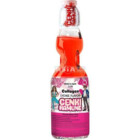 BOISSONS COLLAGEN LYCHEE SODA 200ML GENKI RAMUNE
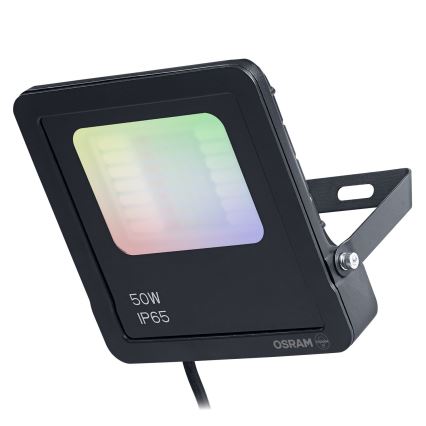 Osram - LED RGBW hämardatav väliprožektor SMART+ FLOODLIGHT LED/50W/230V IP65 Wi‑Fi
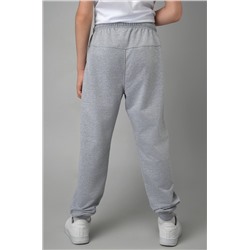 Брюки из футера двухнитки для мальчика Happyfox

────────────────────

Print the listing exactly, but skip its pictures.

 BOISSONS COLLAGEN LYCHEE SODA 200ML GENKI RAMUNE
 Osram - LED RGBW hämardatav väliprožektor SMART+ FLOODLIGHT LED/50W/230V IP65 Wi‑Fi
 Брюки из футера двухнитки для мальчика Happyfox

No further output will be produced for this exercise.